By Cate D. '18
By 7:30pm it has already begun to grow dark; the mountains block the setting sun, illuminating the sky in a pale pink glow. In another hour, night will have fallen. I am sitting outside in a green plastic chair with my feet up on the low stone ledge in front of me, looking out over the valleys and hills below. For the next 10 minutes I sit there, letting things happen as they naturally would, and observing. I have thoroughly doused myself in bugspray, but that doesn't stop the daring mosquitoes from coming too close to me. In the background I can hear my host cousins and Madeline, and my little sister, Shrishe, talking to her mom. The birds are just beginning to relinquish their air time to the crickets, who remain silent during the day but make up for it at night.
Within 20 seconds of sitting down in the green plastic chair Shrishe comes running out to me. She is only 5, and doesn't yet understand that I do not speak the same language as her. She looks up at me with her big brown eyes and half pony tail that is right on top of her head (whenever she moves it looks like a palm tree blowing in the wind) and starts talking to me. I have given up attempting to explain to her that I don't understand, so I just kind of nod along and say "thik hai" (it means "okay" in English) until she seems satisfied. Next thing I know she is pulling on my hair and trying to make it look like hers. The only thing that keeps me from stopping her is that it gives me time to look up at the moon.

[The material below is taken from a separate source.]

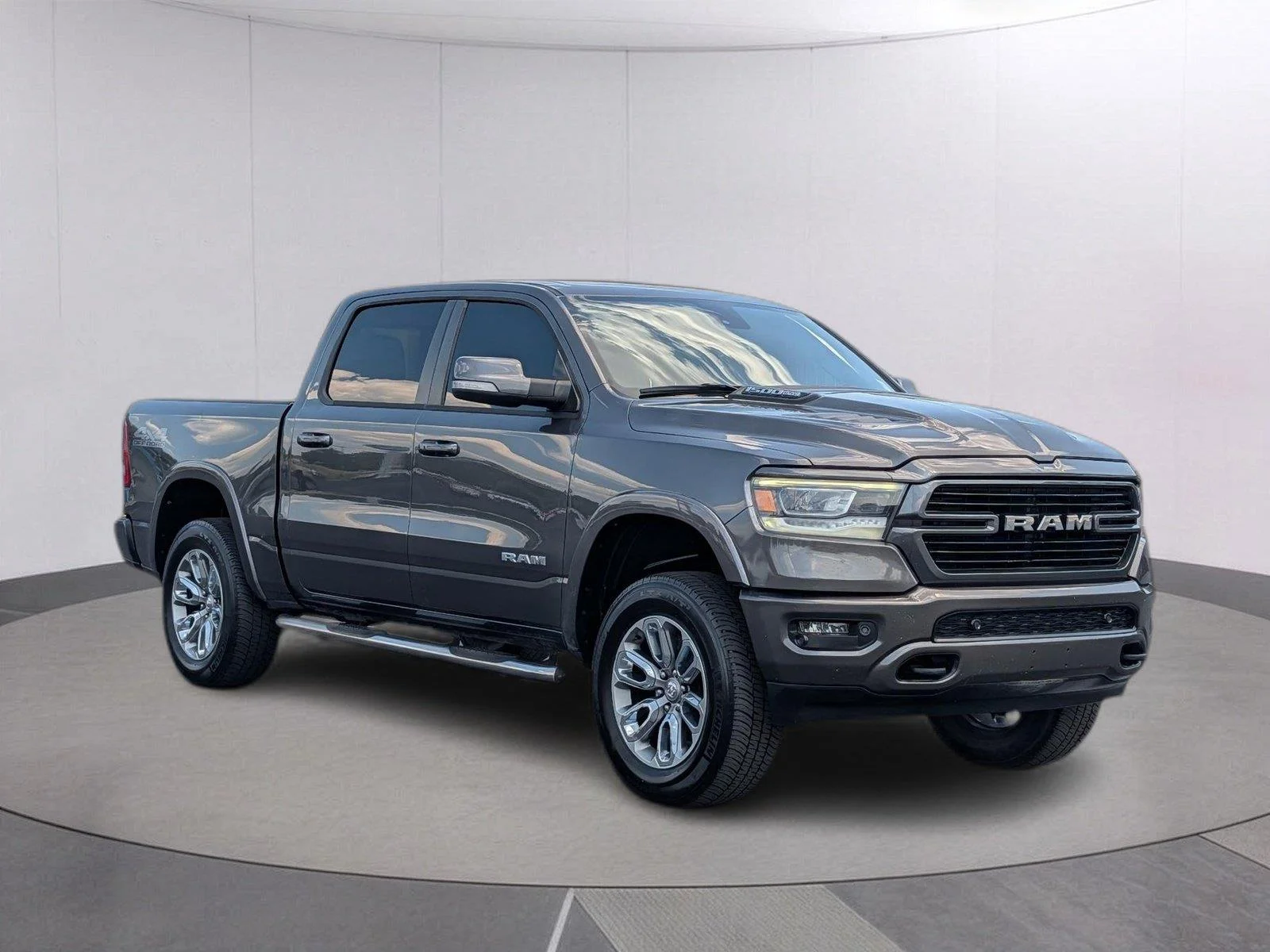 Used 2020 Granite Crystal Metallic Clearcoat Ram Laramie image 9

For the past few nights the moon has been riding low in the sky, slowly growing bigger, but it is still in the DreamWorks Animation phase. As my hair is being pulled from my scalp, I am able to take solace in the brightness of the moon and the lone star that shines nearby. Thin wisps of clouds move across the dusky sky, but as the seconds pass they become harder to see as night settles in.
By now my mother, Basanti, has joined us. She too has noticed the moon and points it out to me. I smile and say "beautiful," one of the limited amount of words which we both understand. She saw the look on my face when Shrishe suddenly pulled my hair and told her to stop. Shrishe gave one more pull for good measure, and then promptly climbed into my lap. My mother left soon afterwards, followed by Shrishe who realized that I was paying more attention to the view than to her.
For the next four minutes I sit by myself, unmoving, silent, and in utter peace. There wasn't a cell phone to distract me, no TV to go watch, and nothing to stress over. The simplicity of just sitting and being was overwhelming. There have been rare and few moments in my life when I have not felt any worries or stress, and this was one of them. Even in the summer when there is no homework, I am never entirely at peace. Tonight I was.
My house overlooks the valleys, the hills, and the terraces. When I first sat down only a few lights could be seen in the valley, and the hills were still visible. Now as I watch, more and more lights flicker to life. By the time it is fully dark lights will light up the valley floors. The hills and terraces become as black as a water buffalo, but they are outlined by the lights that twinkle below. It is an incredible example of how powerful the negative in a space can be. I am able to see the lights miles into the distance, and still know exactly where the hills are, even though I cannot see them.
As I spend my last 30 seconds in the green plastic chair I notice that the birds have gone silent. The crickets – accompanied by frogs – have taken center stage. The sun has fully set behind the mountains, and my 10 minutes are over.